Does anyone know an example of an infinite dimensional closed linear subspace $S$ of $X=c_0$ (with the sup norm) which is not isomorphic to $X$, i.e. there does not exist a linear one-to-one map $T$ from $X$ onto $S$ such that both $T$ and its inverse are continuous?
A closed subspace of $c_0$
-
0@Theo: Thanks very much for the references and additional info. That survey article looks great. – 2011-05-26
1 Answers
For every sequence $(E_n)$ of finite dimensional Banach spaces and every $\epsilon >0$, there exists a subspace $X$ of $c_0$ that is $(1+\epsilon)$-isomorphic to the $c_0$-sum $(\bigoplus_n E_n)_{c_0}$.

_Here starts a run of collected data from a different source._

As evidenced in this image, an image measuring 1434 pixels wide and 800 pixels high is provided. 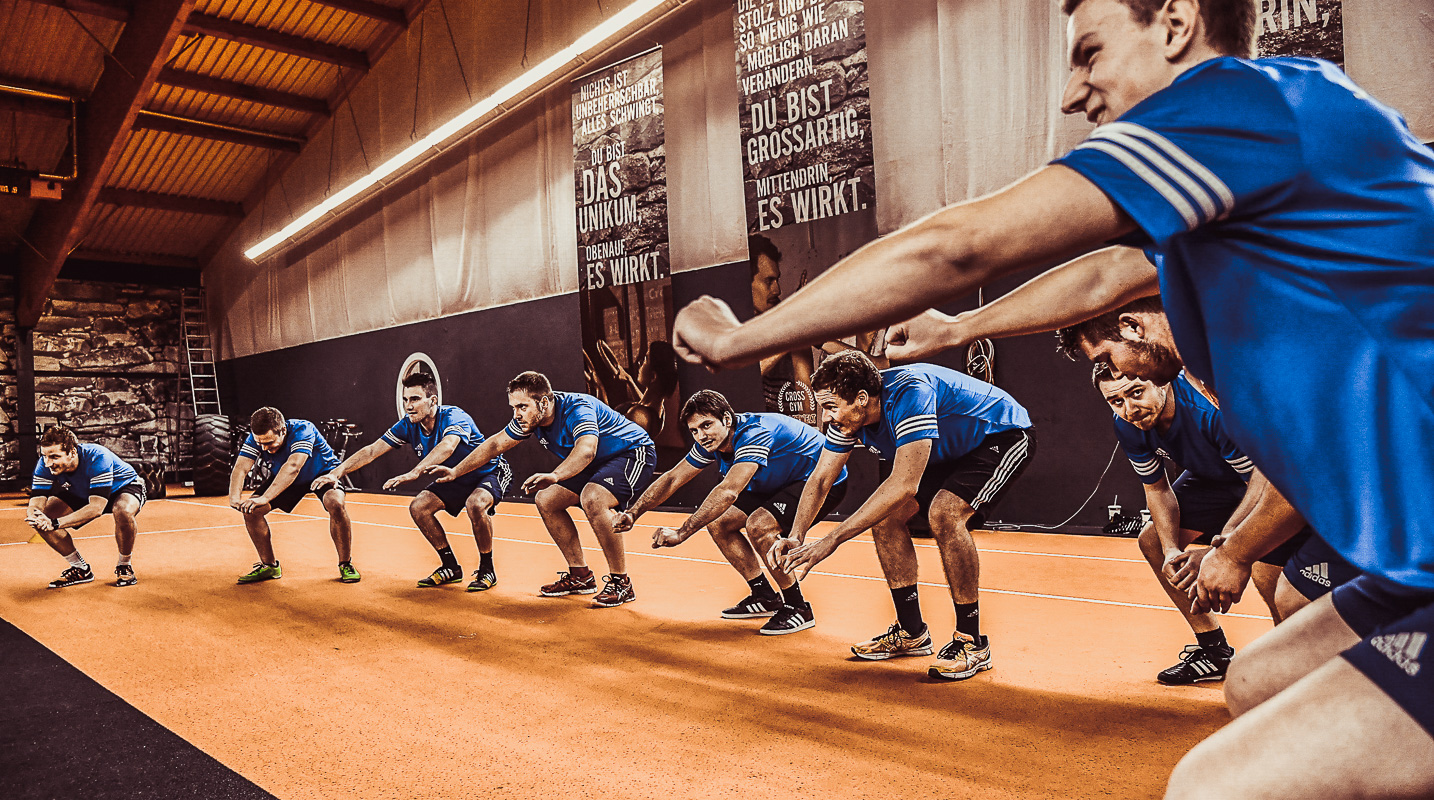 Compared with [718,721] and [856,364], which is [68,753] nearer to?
[718,721]

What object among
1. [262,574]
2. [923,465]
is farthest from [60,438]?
[923,465]

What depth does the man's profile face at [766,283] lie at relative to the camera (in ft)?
29.0

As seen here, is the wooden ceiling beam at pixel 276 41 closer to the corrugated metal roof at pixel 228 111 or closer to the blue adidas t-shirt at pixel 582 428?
the corrugated metal roof at pixel 228 111

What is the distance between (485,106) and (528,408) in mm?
5719

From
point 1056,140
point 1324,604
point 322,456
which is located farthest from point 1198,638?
point 322,456

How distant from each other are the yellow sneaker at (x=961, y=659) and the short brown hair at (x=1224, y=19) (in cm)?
293

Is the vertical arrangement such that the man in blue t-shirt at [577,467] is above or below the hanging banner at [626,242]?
below

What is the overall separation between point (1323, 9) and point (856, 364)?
498 cm

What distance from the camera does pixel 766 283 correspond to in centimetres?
899

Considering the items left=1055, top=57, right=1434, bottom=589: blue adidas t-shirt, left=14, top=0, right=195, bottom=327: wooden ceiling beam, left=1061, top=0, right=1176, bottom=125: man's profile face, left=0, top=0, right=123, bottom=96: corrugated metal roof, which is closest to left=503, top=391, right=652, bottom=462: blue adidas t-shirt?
left=1061, top=0, right=1176, bottom=125: man's profile face

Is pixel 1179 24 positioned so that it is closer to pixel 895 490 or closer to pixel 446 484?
pixel 895 490

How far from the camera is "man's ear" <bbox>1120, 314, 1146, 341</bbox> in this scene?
2.18 m

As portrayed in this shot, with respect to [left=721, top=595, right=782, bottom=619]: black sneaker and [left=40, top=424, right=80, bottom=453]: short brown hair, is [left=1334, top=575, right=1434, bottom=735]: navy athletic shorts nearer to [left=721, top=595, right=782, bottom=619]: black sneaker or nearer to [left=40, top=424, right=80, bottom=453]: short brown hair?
[left=721, top=595, right=782, bottom=619]: black sneaker

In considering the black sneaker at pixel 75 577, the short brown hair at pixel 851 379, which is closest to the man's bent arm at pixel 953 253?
the short brown hair at pixel 851 379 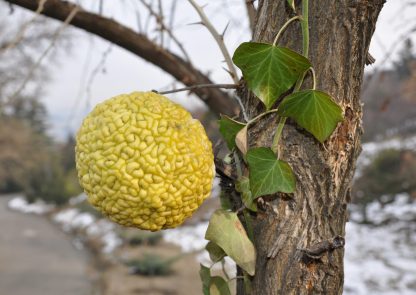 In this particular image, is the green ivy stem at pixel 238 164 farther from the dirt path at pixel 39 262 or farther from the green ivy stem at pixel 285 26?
the dirt path at pixel 39 262

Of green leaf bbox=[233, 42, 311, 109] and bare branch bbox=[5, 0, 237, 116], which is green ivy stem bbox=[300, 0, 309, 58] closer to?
green leaf bbox=[233, 42, 311, 109]

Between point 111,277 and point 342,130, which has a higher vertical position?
point 111,277

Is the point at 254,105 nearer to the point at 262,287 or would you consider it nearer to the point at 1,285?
the point at 262,287

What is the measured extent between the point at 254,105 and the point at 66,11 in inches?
46.1

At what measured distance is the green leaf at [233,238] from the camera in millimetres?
650

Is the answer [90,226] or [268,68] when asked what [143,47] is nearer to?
[268,68]

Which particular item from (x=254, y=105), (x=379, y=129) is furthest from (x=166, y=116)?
(x=379, y=129)

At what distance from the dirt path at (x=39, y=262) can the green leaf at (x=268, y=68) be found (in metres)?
6.19

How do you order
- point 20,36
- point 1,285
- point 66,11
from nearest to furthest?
point 20,36, point 66,11, point 1,285

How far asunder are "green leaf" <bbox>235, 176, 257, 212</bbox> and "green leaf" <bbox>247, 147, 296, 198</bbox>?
21mm

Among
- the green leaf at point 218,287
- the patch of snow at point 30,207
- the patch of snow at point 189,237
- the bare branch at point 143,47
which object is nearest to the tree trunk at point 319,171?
the green leaf at point 218,287

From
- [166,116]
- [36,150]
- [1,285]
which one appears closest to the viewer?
[166,116]

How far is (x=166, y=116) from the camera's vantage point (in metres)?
0.62

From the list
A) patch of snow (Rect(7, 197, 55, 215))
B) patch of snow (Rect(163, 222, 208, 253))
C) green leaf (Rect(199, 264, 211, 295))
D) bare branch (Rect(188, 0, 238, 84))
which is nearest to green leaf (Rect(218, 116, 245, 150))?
bare branch (Rect(188, 0, 238, 84)) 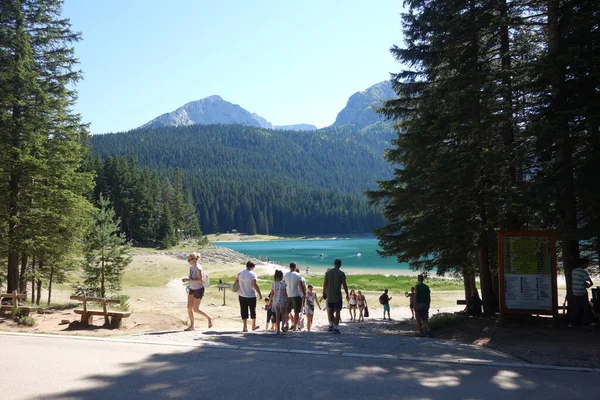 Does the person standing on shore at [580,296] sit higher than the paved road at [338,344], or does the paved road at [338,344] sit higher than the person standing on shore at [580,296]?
the person standing on shore at [580,296]

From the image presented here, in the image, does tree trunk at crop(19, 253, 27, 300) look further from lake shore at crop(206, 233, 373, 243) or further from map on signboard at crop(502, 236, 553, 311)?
lake shore at crop(206, 233, 373, 243)

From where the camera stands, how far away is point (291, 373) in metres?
6.54

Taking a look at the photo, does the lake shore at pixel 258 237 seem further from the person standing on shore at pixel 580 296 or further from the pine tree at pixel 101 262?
the person standing on shore at pixel 580 296

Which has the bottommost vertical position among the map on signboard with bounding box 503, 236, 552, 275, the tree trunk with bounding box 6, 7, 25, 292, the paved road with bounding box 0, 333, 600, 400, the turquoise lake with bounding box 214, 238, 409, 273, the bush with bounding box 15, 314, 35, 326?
the turquoise lake with bounding box 214, 238, 409, 273

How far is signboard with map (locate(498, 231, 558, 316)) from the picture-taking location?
10781 mm

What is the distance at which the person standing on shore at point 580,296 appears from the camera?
34.1 ft

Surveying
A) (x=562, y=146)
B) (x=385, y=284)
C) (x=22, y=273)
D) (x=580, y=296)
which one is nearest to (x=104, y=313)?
(x=22, y=273)

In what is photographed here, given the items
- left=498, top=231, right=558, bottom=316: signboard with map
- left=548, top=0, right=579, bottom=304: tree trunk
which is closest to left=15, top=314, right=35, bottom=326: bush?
left=498, top=231, right=558, bottom=316: signboard with map

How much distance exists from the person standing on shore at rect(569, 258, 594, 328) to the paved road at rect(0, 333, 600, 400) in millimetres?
4426

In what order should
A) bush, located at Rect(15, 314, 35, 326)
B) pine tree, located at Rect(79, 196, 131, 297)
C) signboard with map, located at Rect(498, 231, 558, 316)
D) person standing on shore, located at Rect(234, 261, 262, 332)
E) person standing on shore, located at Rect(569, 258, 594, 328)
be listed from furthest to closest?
pine tree, located at Rect(79, 196, 131, 297) < bush, located at Rect(15, 314, 35, 326) < signboard with map, located at Rect(498, 231, 558, 316) < person standing on shore, located at Rect(234, 261, 262, 332) < person standing on shore, located at Rect(569, 258, 594, 328)

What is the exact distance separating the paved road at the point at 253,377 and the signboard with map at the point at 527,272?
4.30 meters

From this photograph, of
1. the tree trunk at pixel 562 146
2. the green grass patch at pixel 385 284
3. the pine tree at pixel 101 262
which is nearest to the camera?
the tree trunk at pixel 562 146

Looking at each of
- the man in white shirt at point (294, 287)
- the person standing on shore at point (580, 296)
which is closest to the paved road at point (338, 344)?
the man in white shirt at point (294, 287)

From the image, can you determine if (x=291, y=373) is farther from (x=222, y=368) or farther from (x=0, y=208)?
(x=0, y=208) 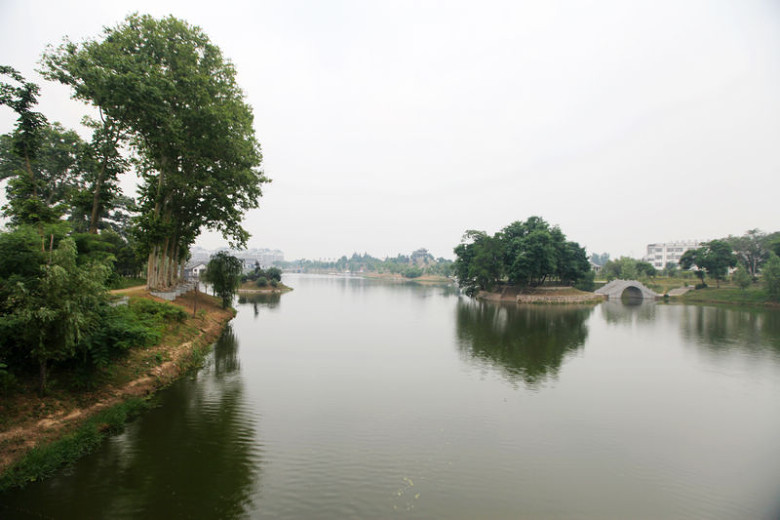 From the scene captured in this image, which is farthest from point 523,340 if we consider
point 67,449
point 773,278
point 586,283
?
point 773,278

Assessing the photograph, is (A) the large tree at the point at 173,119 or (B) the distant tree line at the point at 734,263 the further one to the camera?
(B) the distant tree line at the point at 734,263

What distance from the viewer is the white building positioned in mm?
153038

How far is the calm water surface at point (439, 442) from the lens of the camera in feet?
29.9

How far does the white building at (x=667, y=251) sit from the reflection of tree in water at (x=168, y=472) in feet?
603

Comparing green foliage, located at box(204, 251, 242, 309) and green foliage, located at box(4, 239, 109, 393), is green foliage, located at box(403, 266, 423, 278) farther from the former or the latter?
green foliage, located at box(4, 239, 109, 393)

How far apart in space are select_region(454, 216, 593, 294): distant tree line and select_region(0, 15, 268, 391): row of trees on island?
50.5m

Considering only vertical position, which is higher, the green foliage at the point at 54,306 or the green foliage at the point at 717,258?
the green foliage at the point at 717,258

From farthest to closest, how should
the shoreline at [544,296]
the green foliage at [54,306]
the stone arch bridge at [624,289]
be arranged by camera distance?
the stone arch bridge at [624,289], the shoreline at [544,296], the green foliage at [54,306]

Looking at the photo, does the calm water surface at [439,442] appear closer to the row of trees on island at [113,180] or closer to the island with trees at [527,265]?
the row of trees on island at [113,180]

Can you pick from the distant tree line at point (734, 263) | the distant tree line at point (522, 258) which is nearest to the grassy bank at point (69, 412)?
the distant tree line at point (522, 258)

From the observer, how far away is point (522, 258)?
66.3m

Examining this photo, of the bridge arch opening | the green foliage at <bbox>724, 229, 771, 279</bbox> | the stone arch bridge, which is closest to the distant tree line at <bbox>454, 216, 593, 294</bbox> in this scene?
the stone arch bridge

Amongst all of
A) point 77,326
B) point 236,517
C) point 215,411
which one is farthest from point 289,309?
point 236,517

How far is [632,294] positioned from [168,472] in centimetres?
9702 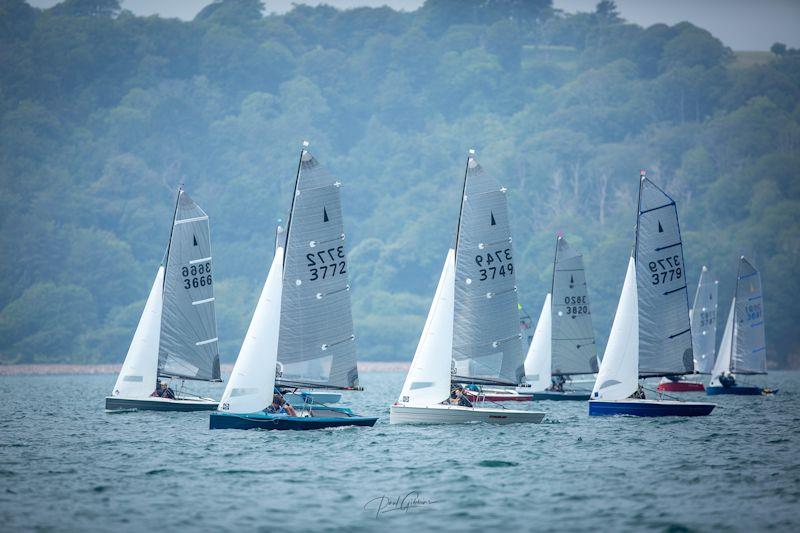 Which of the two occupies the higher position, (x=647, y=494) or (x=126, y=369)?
(x=126, y=369)

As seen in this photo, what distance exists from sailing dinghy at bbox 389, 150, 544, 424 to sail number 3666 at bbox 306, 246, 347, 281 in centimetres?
386

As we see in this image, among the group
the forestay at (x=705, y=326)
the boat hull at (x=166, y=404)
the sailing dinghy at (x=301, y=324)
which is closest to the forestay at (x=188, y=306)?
the boat hull at (x=166, y=404)

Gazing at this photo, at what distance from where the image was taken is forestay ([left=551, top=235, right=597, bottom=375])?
59875mm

To see this, observe that given a finite-dimensional Banach space $E$ there is $N\in \mathbb{N}$ so large that $E$ $(1+\epsilon)$-embeds into $\ell_\infty^N$ (take $N$ to be the cardinality of a $\delta$-net in the unit ball of $E$, where $\delta$ depends on $\epsilon$). Thus $E$ $(1+\epsilon)$-embeds into $c_0$, and the claim above follows easily.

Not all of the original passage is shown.